The Swingin’ ’60s – swingin’ a big butcher knife!

Producers Harry Novak and Peter Perry (who first got together for the sex/comedy/monster picture Kiss Me Quick) decided to make a feature that they could sell as either a sex show or a horror feature. Director William Rotsler (The Girl with the Hungry Eyes) shot two versions of this twisted tale, a shocker version with the title Mantis in Lace, and a sexier cut entitled Lila. Though sold here under the better title, this is actually the Lila version, uncut and transferred direct from Novak’s original negative. As such, it’s a good 10 minutes longer than any version ever released.

A go-go dancer (Susan Stewart) lures men back to her warehouse crash pad, where she makes out with them, trips on LSD, then butchers them – all to her theme song. The song “Lila”, sung by Lynn Harper, is credited to “Vic Vance” – actually actor Vic Lance, who plays Lila’s first victim, an annoying hippy. It’s unclear how much she remembers of her crimes, or how long she’s been killing, though she suffers from flashbacks. What we do learn is that she hates fruit, gets her lovers mixed up with fruit, and has to chop them up.

Russ Meyer regular Stuart Lancaster plays Dr. Ackerman, a psychologist who can’t stop analyzing Lila – until she stabs him, confirming his suspicions about her buried psychosis. The name “Ackerman” is probably a reference to Rotsler’s agent Forrest J Ackerman, better known as editor of Famous Monsters magazine.

As usually happens in movies like this one, the world’s dumbest detectives are assigned to the case. Homicide cops Sgt. Collins (Steve Vincent) and his partner Lt. Evans (James Brand, credited as “M.K. Evans”) are clueless, despite the fact she probably left fingerprints all over the bodies.

Though shot on a painfully low budget, the film is worth watching just for the crazy trip sequences. Also worth noting are Rotsler’s off-kilter editing and the “groovy” dialogue. Stewart isn’t a very good actress, but she’s darn pretty and has a fascinating weird accent which makes her sound a bit like Myrna Loy.

This 87 minute version of Lila has even more sex & drugs than previous video releases, and may contain scenes that didn’t even make it into theatrical prints.
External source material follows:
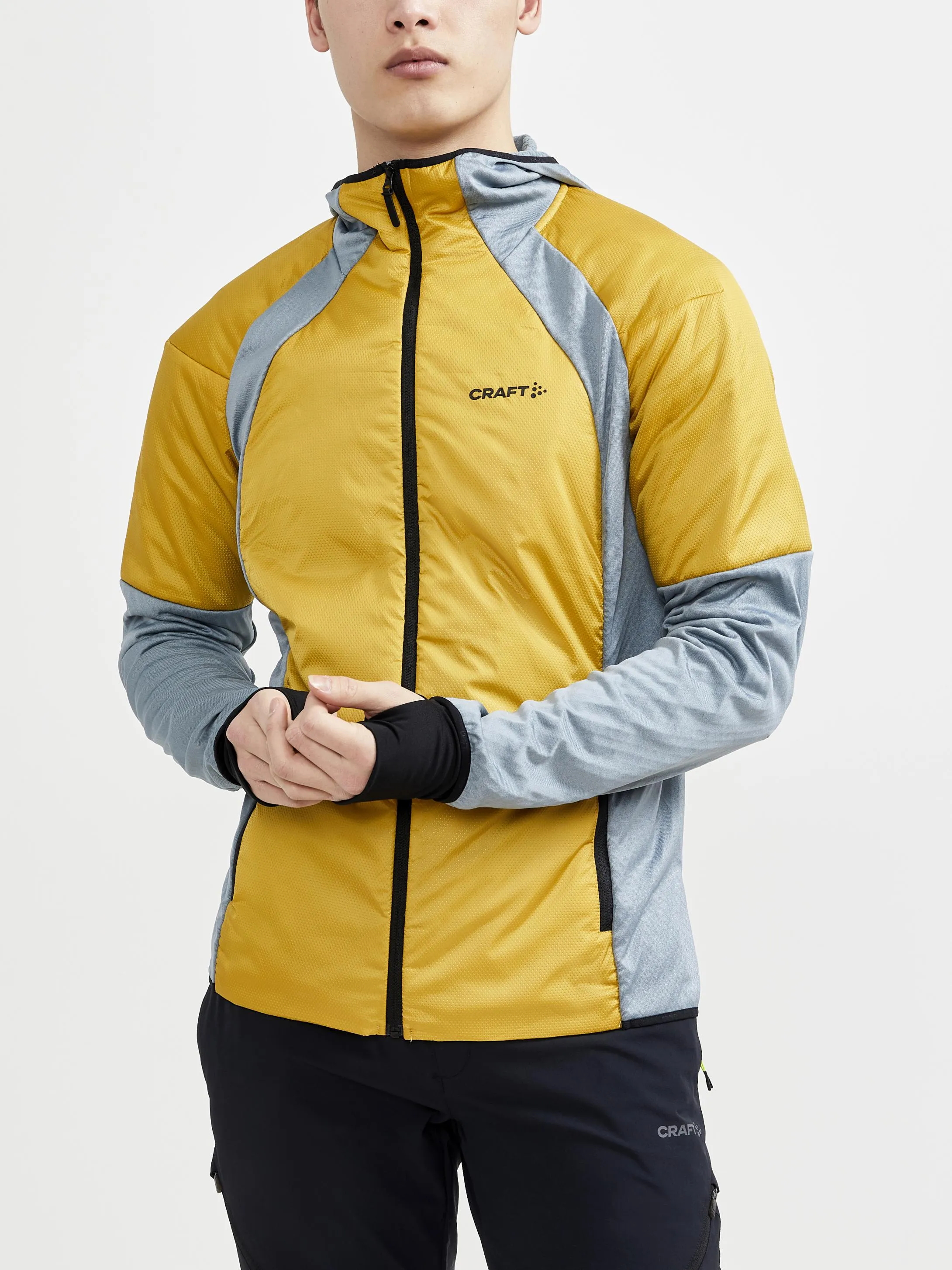 Men's ADV Hybrid Thermal Midlayer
One additional scene shows nude dancers Pat Barrington and Janu Wine sharing a joint backstage. Another, obviously out of place scene, which brings the show to a screeching halt, features production manager Bethel Buckalew as the bartender who “auditions” a new dancer up at his apartment. Buckalew later directed a string of hillbilly sex comedies. Both these sequences have intrigued fans for years because clips of them are in the Lila trailer (included on the disc). The crystal clear transfer from negative shows off the fine cinematography by pre-Easy Rider Lazlo Kovacs, back in the days when he lent his camera expertise to dozens of trashy exploitation features.

Like other Something Weird DVDs, this one is loaded with extras. One section shows the more extreme initial acid trip/murder sequence – a much wilder example of somebody going ape with an optical printer – which ends with a suggestion of cannibalism! Another section preserves over 100 minutes of outtake footage, probably every bit of film shot by Rotsler. If one bothers to wade through all this raw footage (accompanied by reels of raw audio), you can see a few funny gaffs, as well as camera slates and a jumping piñata.

Shorts on the disc include a trip clip from the feature Alice in Acidland, and the bizarro strip tease short Girl in a Cage. Just to keep us on the straight and narrow there’s the typically doom-laden Sid Davis short LSD: Trip or Trap, which features the nerdiest pusher ever.

The DVD also has a gallery of ad art from Novack features, accompanied by exploitation radio spots. Rounding things out we have trailers for The Curious Dr. Humpp, The Mad Butcher and Frankenstein’s Castle of Freaks.